U.S. v. Akin

Decision Date12 November 1974
Docket NumberNo. 73-1807,73-1807
Citation504 F.2d 115
PartiesUNITED STATES of America, Plaintiff-Appellant, v. Mary AKIN et al., Defendants-Appellees.
CourtU.S. Court of Appeals — Tenth Circuit

Walter Kiechel, Jr., Deputy Asst. Atty. Gen. (Wallace H. Johnson, Asst. Atty. Gen., and Edmund B. Clark, Donald W. Redd, and Lawrence E. Shearer, Attys., Dept. of Justice, Washington, D.C., on the brief), for plaintiff-appellant.

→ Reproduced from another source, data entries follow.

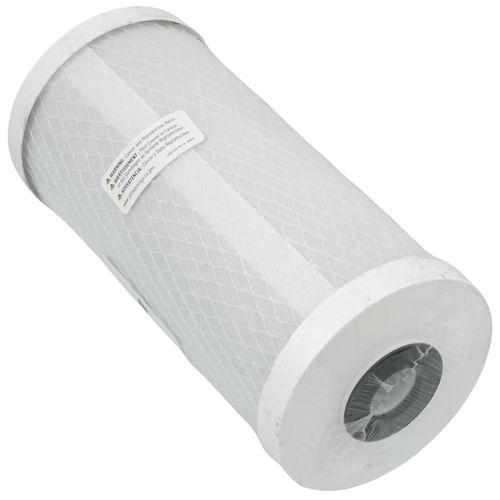 Main product image of W.5CBHD, Acid-Washed Bituminous Carbon Fibers Heavy-Duty Filter Cartridge (0.5 Microns)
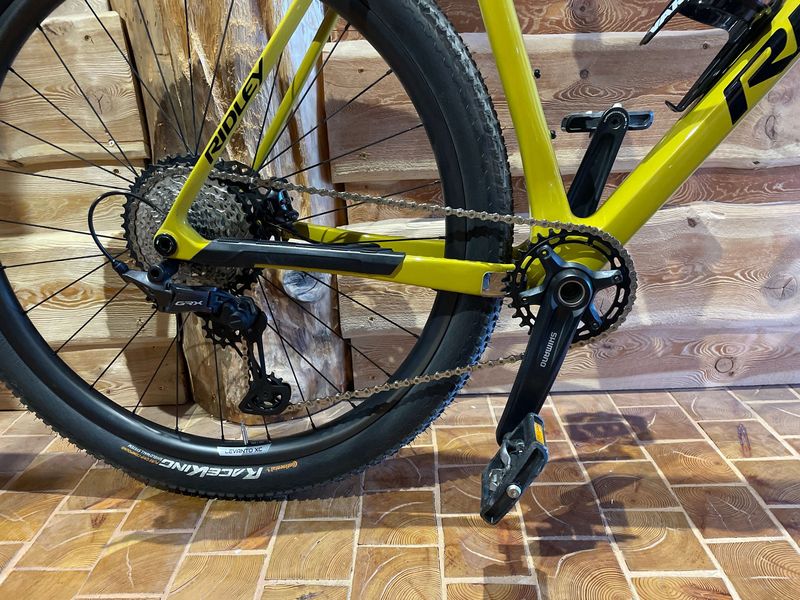 Tweedehands Ridley Ignite Gtx 2025 Road & Gravel — afbeelding 3 van 4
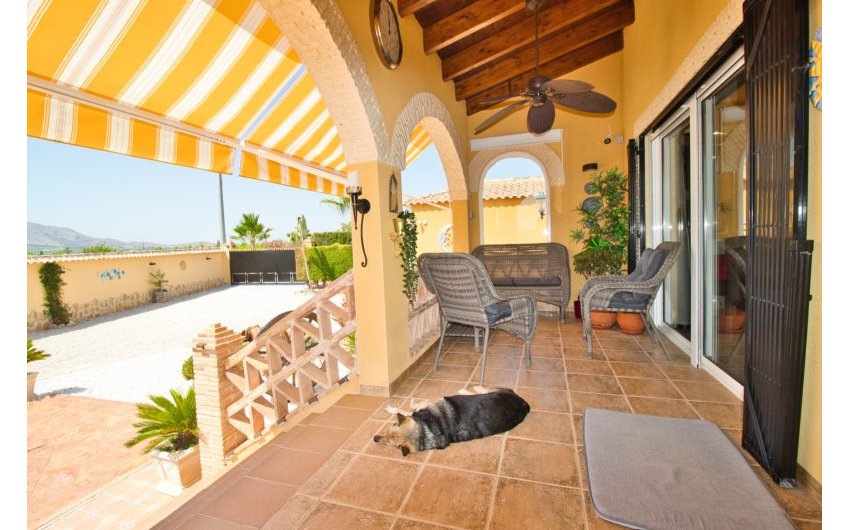 Herverkoop - Country House -
La Murada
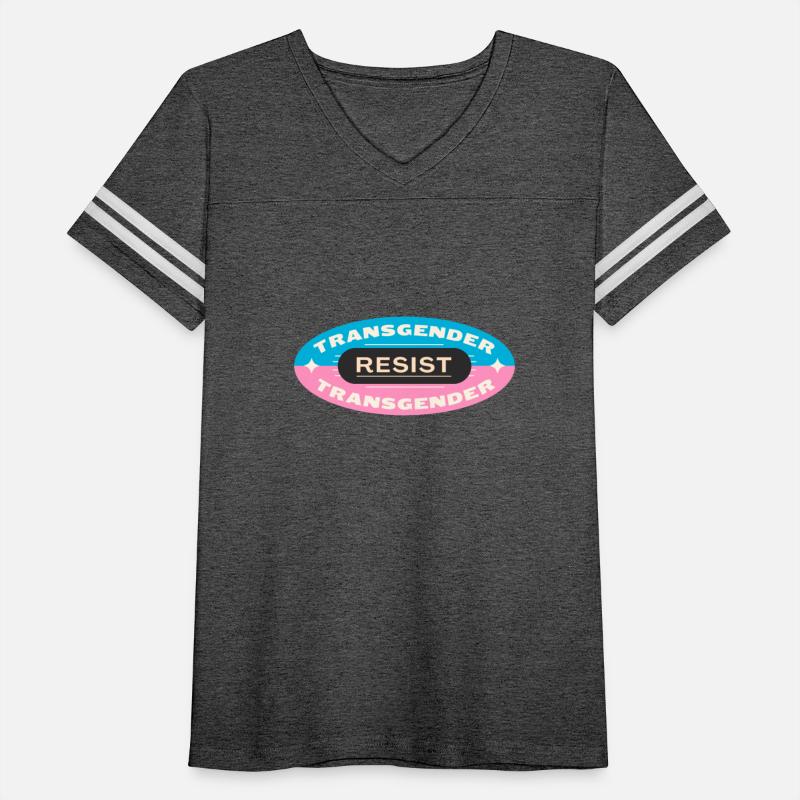 trans pride resist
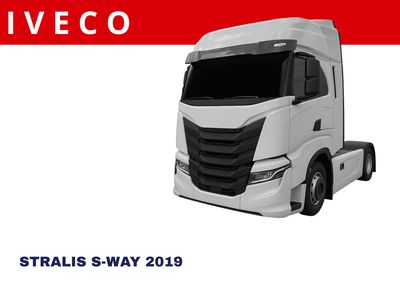 STRALIS S-WAY 2019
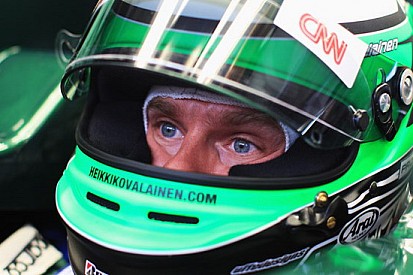 La McLaren è sulle tracce di Kovalainen?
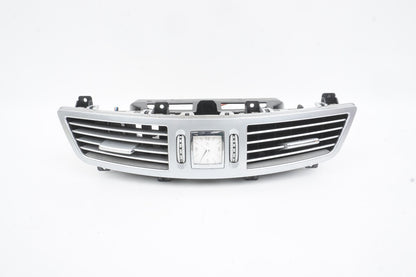 07-13 Mercedes W221 S550 S350 Center Dash Air AC A/C Heater Vent 2218300954 OEM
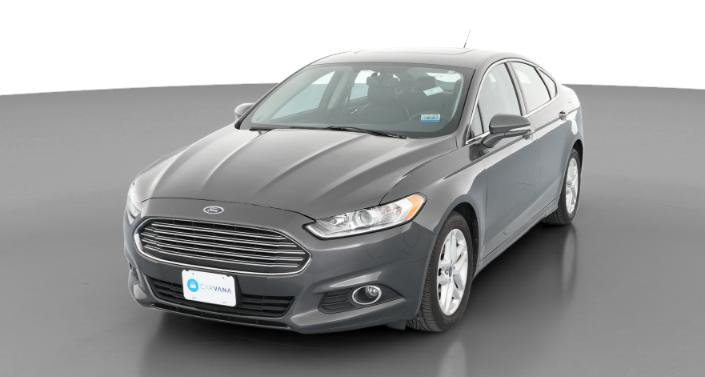 Thumbnail: 2015 Ford Fusion - 1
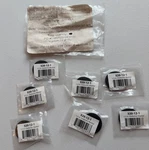 Homewerks Worldwide 520-12-1 Dielectric Union Washer, 1/2 In. Qty. 7. Fixed Price $7.00.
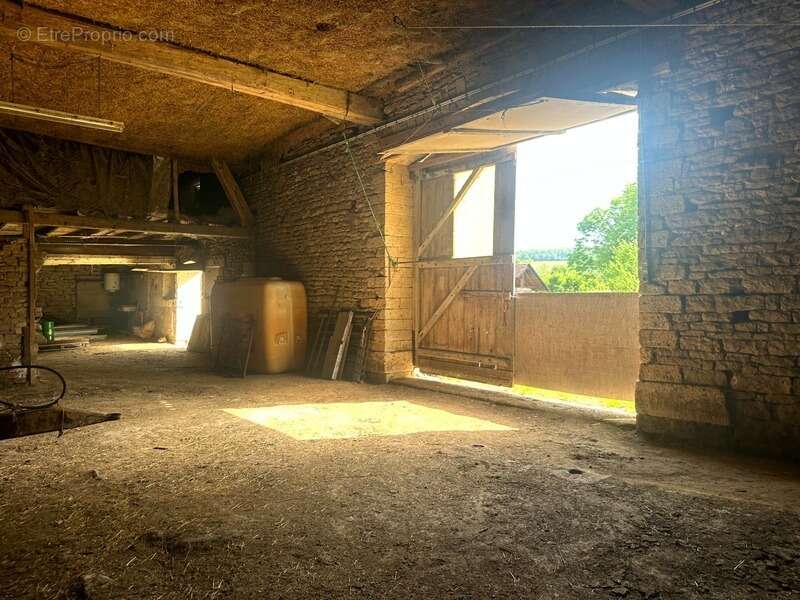 Ensemble de granges et terres – plus de 7 hectares – entre pouilly-en-auxois et saulieu - photo 13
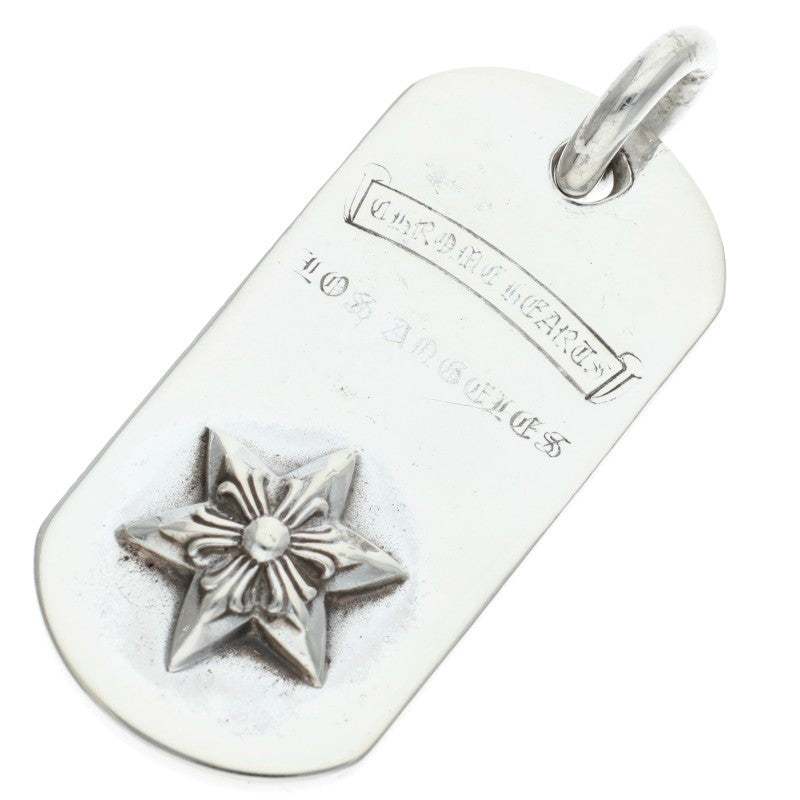Chrome Hearts LA Exclusive Small Dog Tag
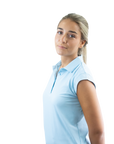 Light Blue Sleeveless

John E. Bush, Deputy Atty. Gen. (John P. Moore, Atty. Gen., Clyde O. Martz, Raphael J. Moses, and James D. Geissinger, Special Asst. Attys. Gen., on the brief), for defendants-appellees The State Board of Agriculture and The Colorado Game and Fish Commission (Colorado Wildlife Commission and Colorado Board of Parks and Outdoor Recreation).

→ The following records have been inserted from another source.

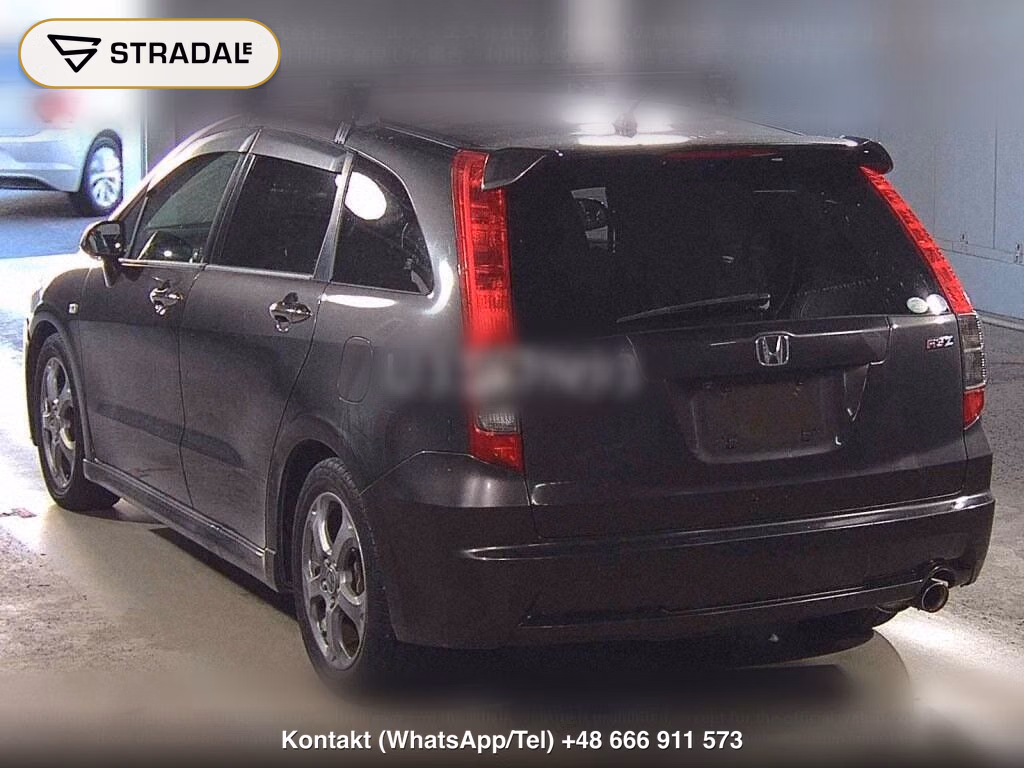 HONDA STREAM RSZ, miniaturka 3
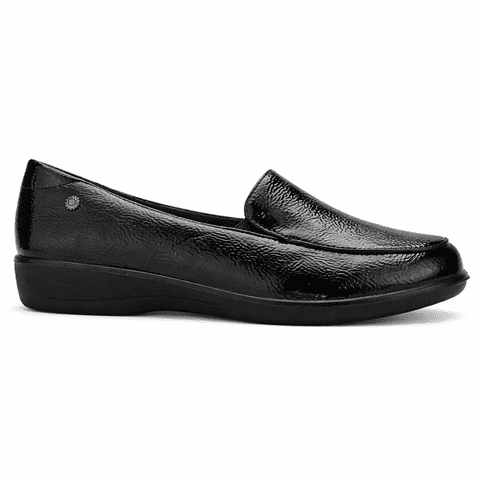 Zapato Negro Mujer Casual Chalada Denzen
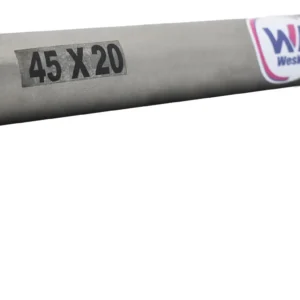 Buje Apto Gnc Casquillo 45x20x240 - Fundición Centrifugada
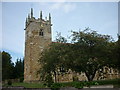 St Margaret's Church, Laceby in DN37 7DG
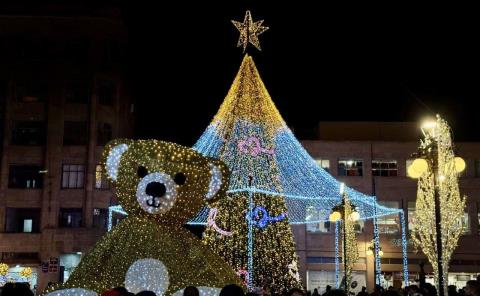 Navidad genera derrama económica en la capital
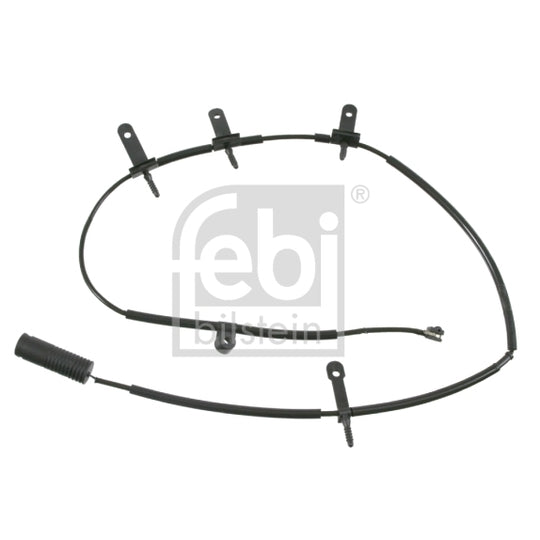 22396 Warning Contact, brake pad wear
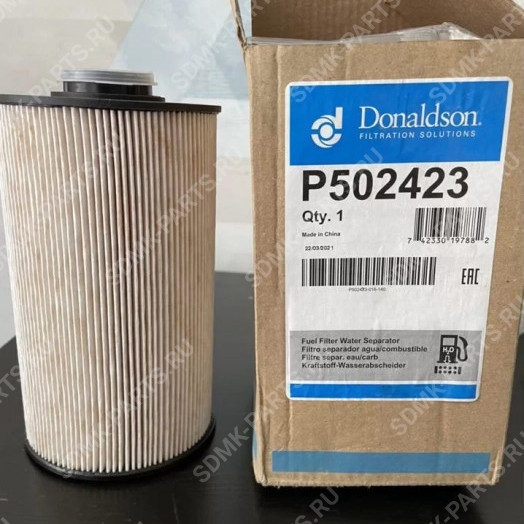 Фильтр топливный Donaldson P502423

L. W. McDaniel, Durango, Colo., on the brief for defendant-appellee Southwestern Water Conservancy District.

Fairfield & Woods and Ireland, Stapleton, Pryor & Holmes, P.C., Denver, Colo., on the brief, for defendant-appellee Mancos Water Conservancy District.

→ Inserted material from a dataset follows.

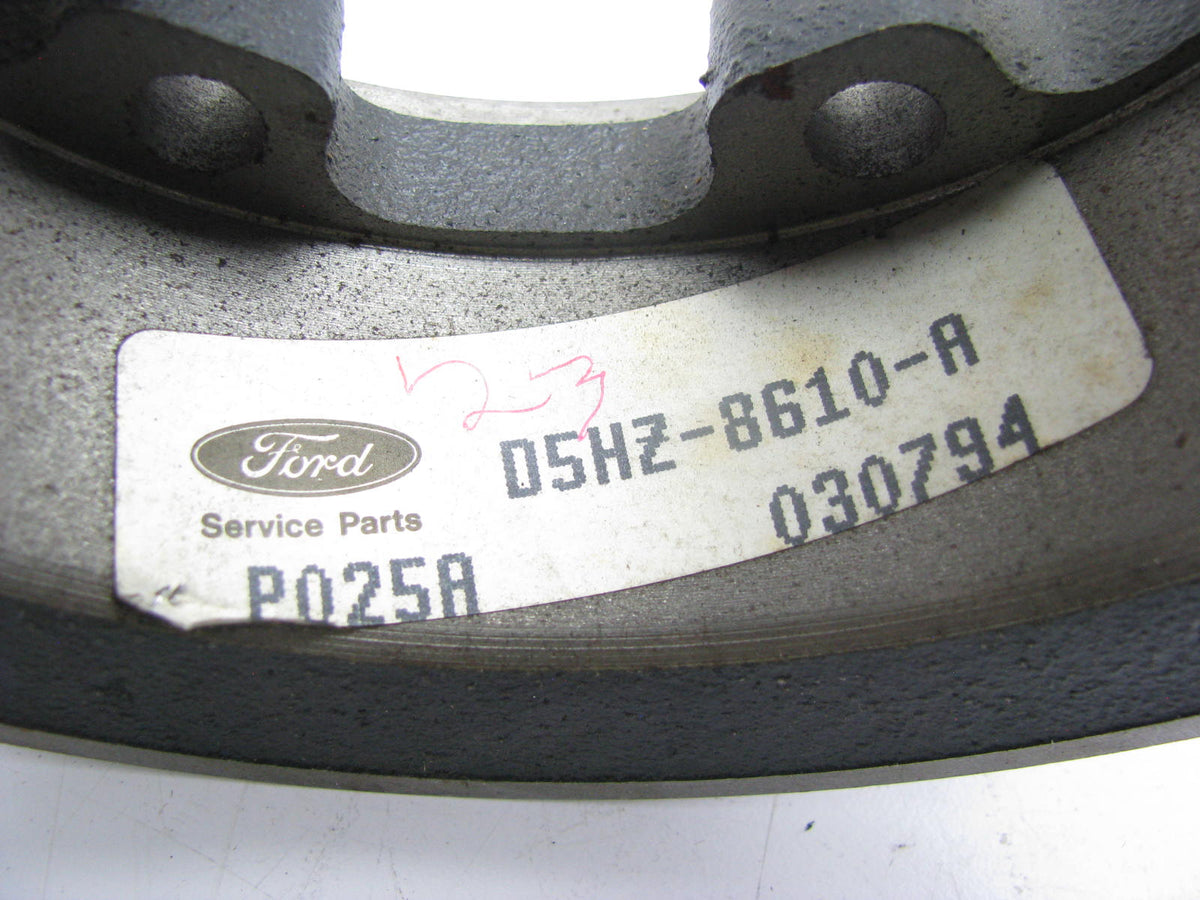 NEW - OEM Ford D5HZ-8610-A Fan Pulley 1970-1990 L-Series W/ NTC270, 3208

Fairfield & Woods, Denver, Colo., on the brief for defendant-appellee Southeastern Colorado Water Conservancy District.

Kenneth Balcomb, Glenwood Springs, Colo., for intervenor-appellee Colorado River Water Conservation District.

Thomas W. Fredericks, David H. Getches and Robert S. Pelcyger, Attys., Native American Rights Fund, Boulder, Colo., on the brief of amici curiae Southern Ute Indian Tribe, Ute Mountain Ute Indian Tribe and National Tribal Chairmen's Association.

George L. Zoellner, Kenneth L. Broadhurst, Glenn Saunders, Special Counsel and Jack Ross, Special Counsel, Denver, Colo., on the brief, for defendant-appellee City and County of Denver, acting by and through its Board of Water Commissioners.

Before HILL and DOYLE, Circuit Judges, and TALBOT SMITH, * District judge.

WILLIAM E. DOYLE, Circuit Judge.

The questions presented in this appeal are, first, whether or not the District Court had jurisdiction to entertain this action which was instituted by the United States on its own behalf and on behalf of certain Indian tribes, or, secondly, assuming that the District Court had jurisdiction, whether the court should have abstained.

This is a water rights case which was instituted by the United States in the United States District Court for the District of Colorado. The action was brought on behalf of the United States and on behalf of the Ute Mountain and Southern Ute Indian Tribes on November 14, 1972. It sought the adjudication of all water rights held by the United States in its own right and as trustee for the Ute Mountain and Southern Ute Indian Tribes in the San Juan Basin but, particularly, adjudication of all of its reserved rights in the San Juan River of Colorado. There are approximately 1200 named defendants.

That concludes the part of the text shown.